» WHAT THE EXERCISE ASKS: Set the whole listing down again, word for word, with no pictures.

» PROVIDED DATA:

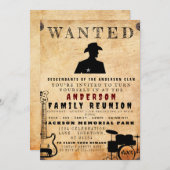 Gezocht Poster Familie reunion Barbeque Uitnodigin Kaart (Voorkant / Achterkant)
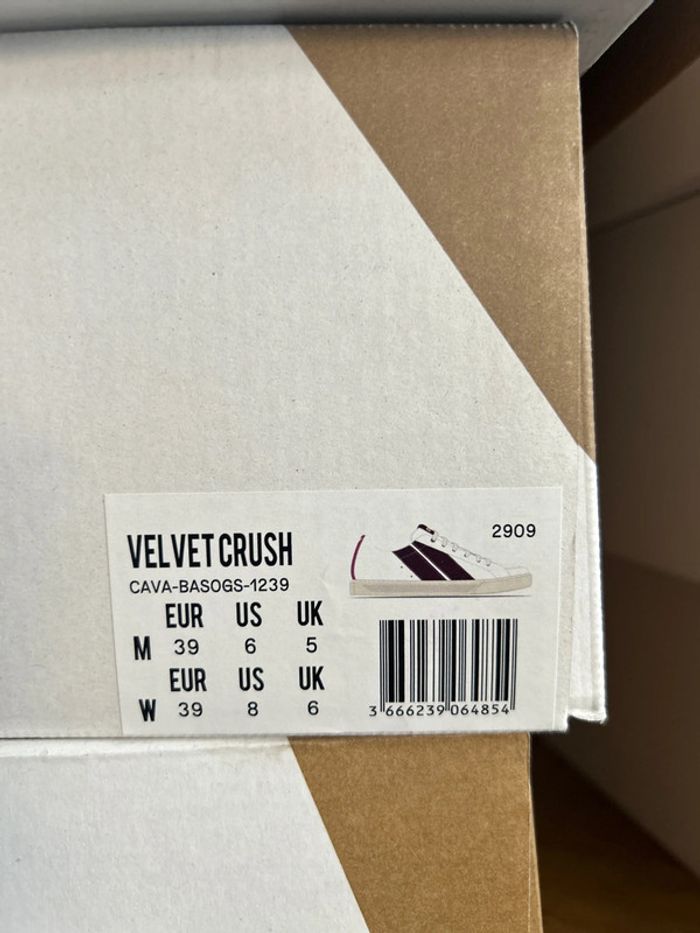 Baskets Caval Velvet crush 39 Neuves - photo numéro 7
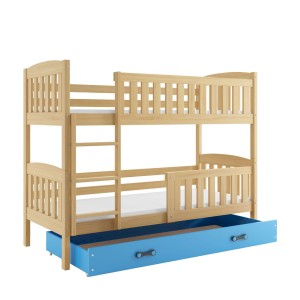 Łóżko Piętrowe Kubuś 90x200 Sosna + Biały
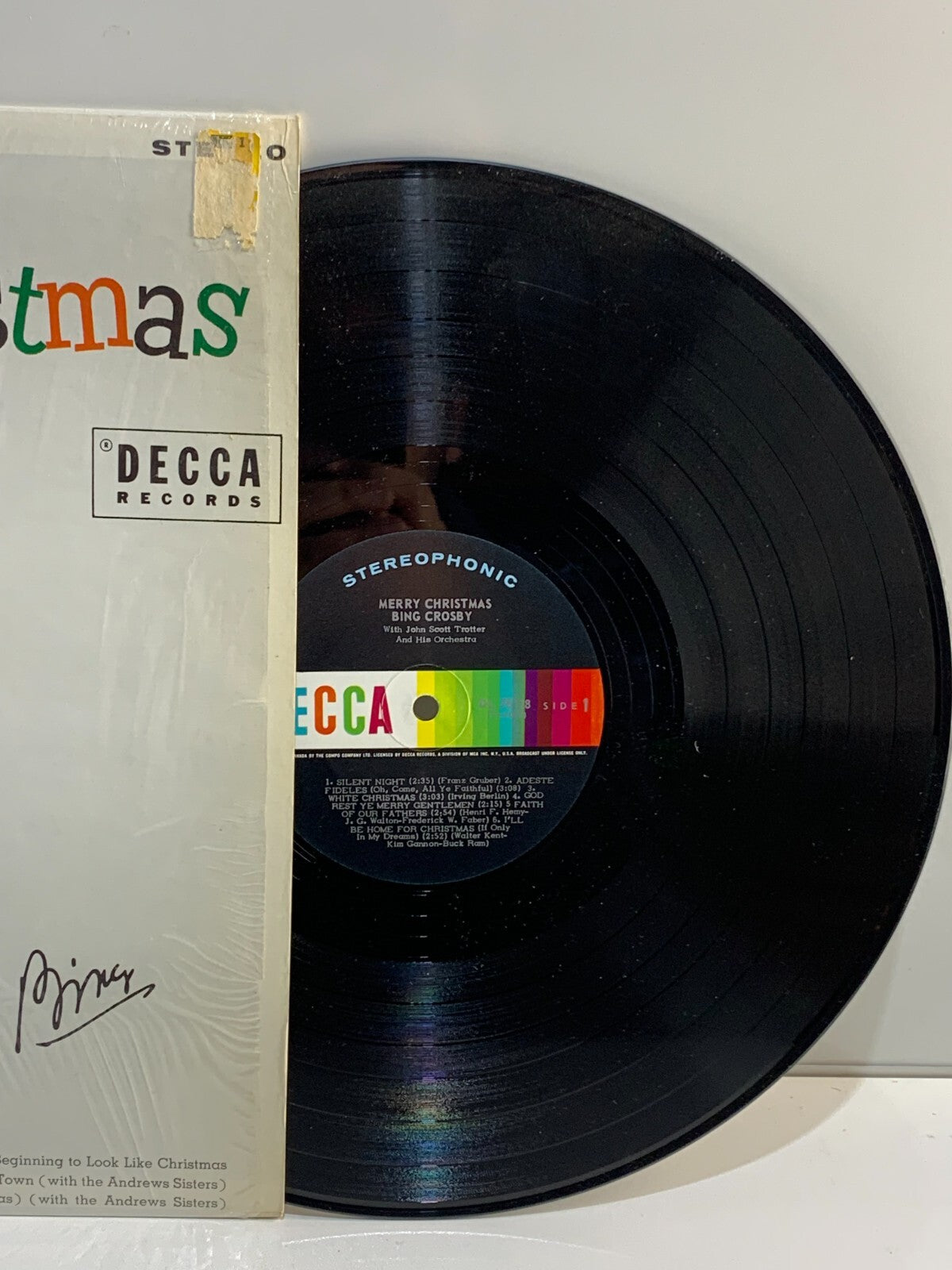BING CROSBY MERRY CHRISTMAS 1945 LP VINYL ALBUM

» RESULT BELOW:
 Gezocht Poster Familie reunion Barbeque Uitnodigin Kaart (Voorkant / Achterkant)
 Baskets Caval Velvet crush 39 Neuves - photo numéro 7
 Łóżko Piętrowe Kubuś 90x200 Sosna + Biały
BING CROSBY MERRY CHRISTMAS 1945 LP VINYL ALBUM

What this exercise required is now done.